Data for processing >>
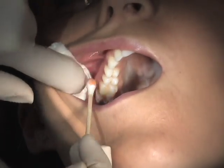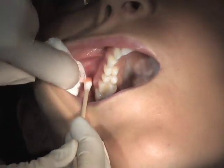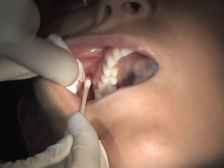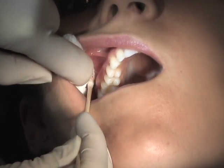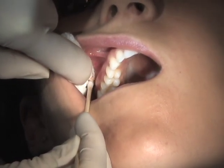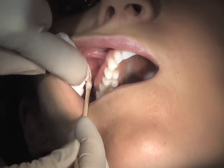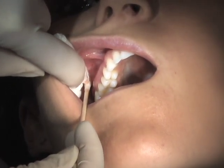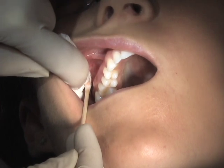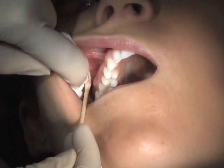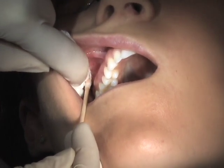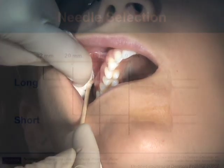Place topical at the height of the mucobuccal fold over the distal portion of the second molar or at the end of the zygomatic arch, which you should be able to feel with your finger up in the vestibule, whichever landmark is more distal.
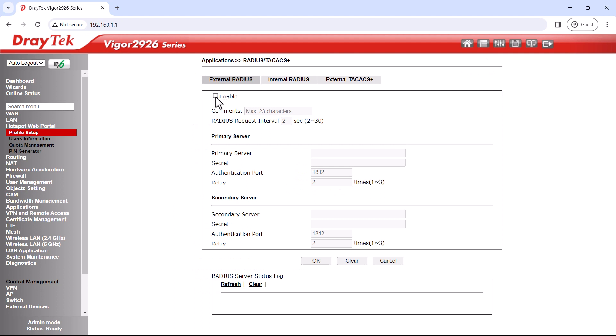Here we'll enter the details of the radius server, including its IP address and secret.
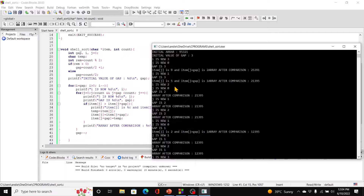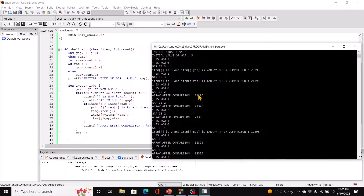When j moves to 2, j plus gap goes beyond the array so we exit the inner loop back to the outer loop. i is now 2, j is 0, gap is reduced to 2. We compare every second element: index 0 with 2, 1 with 3, 2 with 4 — none of those need swapping since 2 < 3, 1 < 9, and 3 < 5. We come back to the outer loop and gap is reduced to 1.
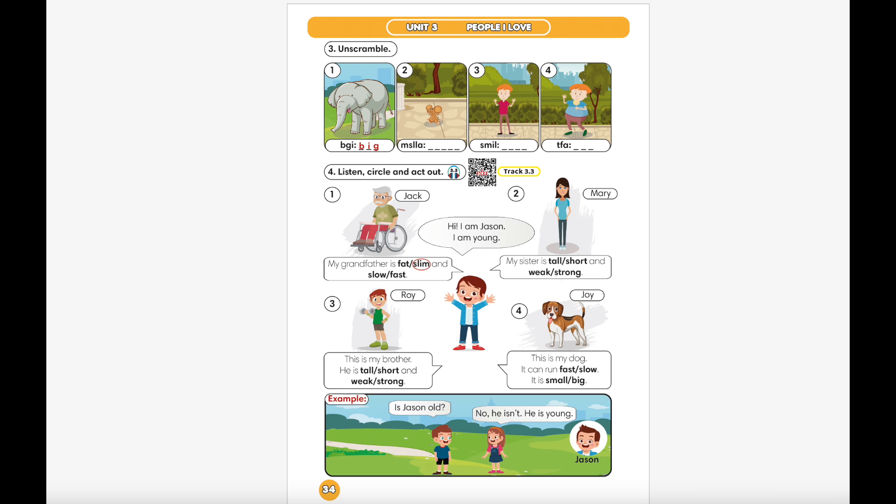1. My grandfather is slim and slow. 2. My sister is short and strong. 3. This is my brother. He is tall and strong. 4. This is my dog. It can run fast. It is big.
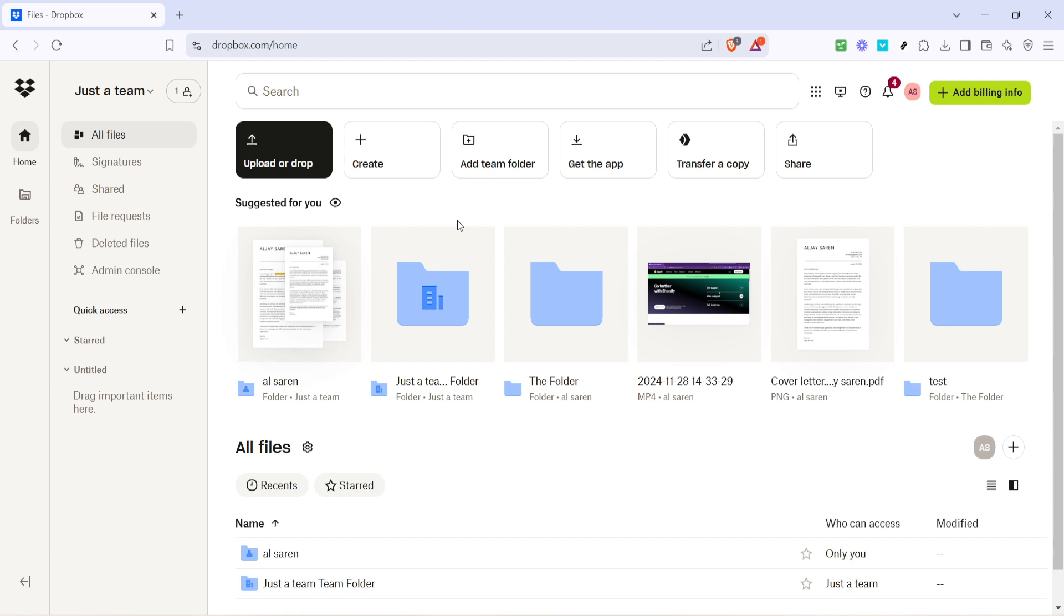Now comes the fun part, selecting the files you want to transfer. You can choose individual files or entire folders depending on your needs. Take your time to make the right selections. Once you've chosen the files, simply follow the prompts to finalize the import process. Dropbox will then handle the rest by smoothly transferring those files from Google Drive into your Dropbox account.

What is being asked >> Only the lines from the start of the records to the line with "When j moves" belong in the copy. Print them exactly, minus pictures.

Problem solution >>
Place topical at the height of the mucobuccal fold over the distal portion of the second molar or at the end of the zygomatic arch, which you should be able to feel with your finger up in the vestibule, whichever landmark is more distal.
Here we'll enter the details of the radius server, including its IP address and secret.
When j moves to 2, j plus gap goes beyond the array so we exit the inner loop back to the outer loop. i is now 2, j is 0, gap is reduced to 2. We compare every second element: index 0 with 2, 1 with 3, 2 with 4 — none of those need swapping since 2 < 3, 1 < 9, and 3 < 5. We come back to the outer loop and gap is reduced to 1.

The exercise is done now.